I’d like to know how you use your security keys (Yubikey) and if you use other methods for double authentication in addition to this one.
Do you only use them at home, do you always take them with you when you go out, do you really use them in case of emergency?
I’d also like to know whether you use double authentication in addition to your keys, and whether you prefer to use an app like Aegis or Yubico Authentificator to “centralize” everything.
I’ve heard that having a key + TOTP isn’t much use and that only the key is enough.
I’ve only been using a hardware security key for about a year.
I use it only for a small number of my most important accounts. The rest of my 2fa is TOTP stored in my password manager. This is the best balance between security and convenience I have found so far.
1 key stays with me, another stays in a fixed location.
I’ve heard that having a key + TOTP isn’t much use and that only the key is enough.
I’m not sure this is correct.
There are tradeoffs to consider, but my understanding is that the main value a hardware key provides is that it is “phishing resistant.” Even if you have TOTP setup in addition to your hardware key, you still benefit from the phishing resistance as long as you are using the hardware key, not the TOTP to authenticate.
There are probably some areas where you are sacrificing a bit of security by keeping TOTP as a backup. (for instance, a hardware key can’t be copied or modified) software solutions like TOTP would have more attack surface. But in the picture, it is about finding the right balance between (1) security (2 )resilience/redundancy (2) convenience
I always have totp configured as a backup method, but I don’t use it in addition to my security keys.
Generally I use them wherever it’s possible to do so. Sometimes I use them for SSH, and I configured my desktop to allow me to use Yubikey + PIN to unblock LUKS encryption instead of my passphrase.
I keep one in my laptop(nano yubikey) and the others stay at home. I’m supposed to have one backup off-site but haven’t placed it yet…
I also have a pair for work, so I can sign into some things with just the key, and I also use Yubico Authenticator for some accounts.

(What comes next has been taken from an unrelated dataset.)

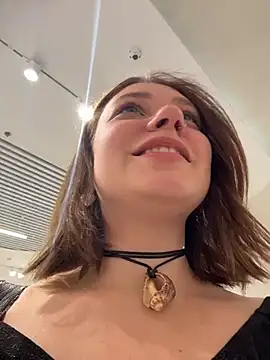 lucy-joy online show from 26, 9, 2025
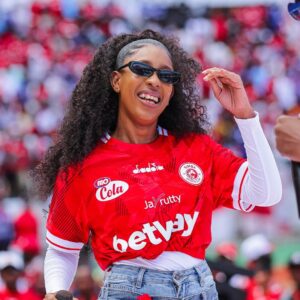 Meena Ally Instagram - Stage inasimamiwa vyema na Adam Mchomvu na Meena Ally. #SimbaDay2025 #NguvuMoja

Thanks for your feedback, I’ve been racking my brain for a few days now, trying to figure out how best to use my security keys, but I can’t figure out what would be the most secure in the worst-case scenario.
At first I thought of switching all my TOTP codes to my keys with Yubico Authenticator but unfortunately the app isn’t “secure enough” in my opinion (once the key is plugged in all the codes are displayed).
I’ve also thought about keeping one on me at all times, which I’ll use only to access Bitwarden, and the second which I’ll keep at home to access all the other accounts (Bitwarden, Proton, Tuta etc.).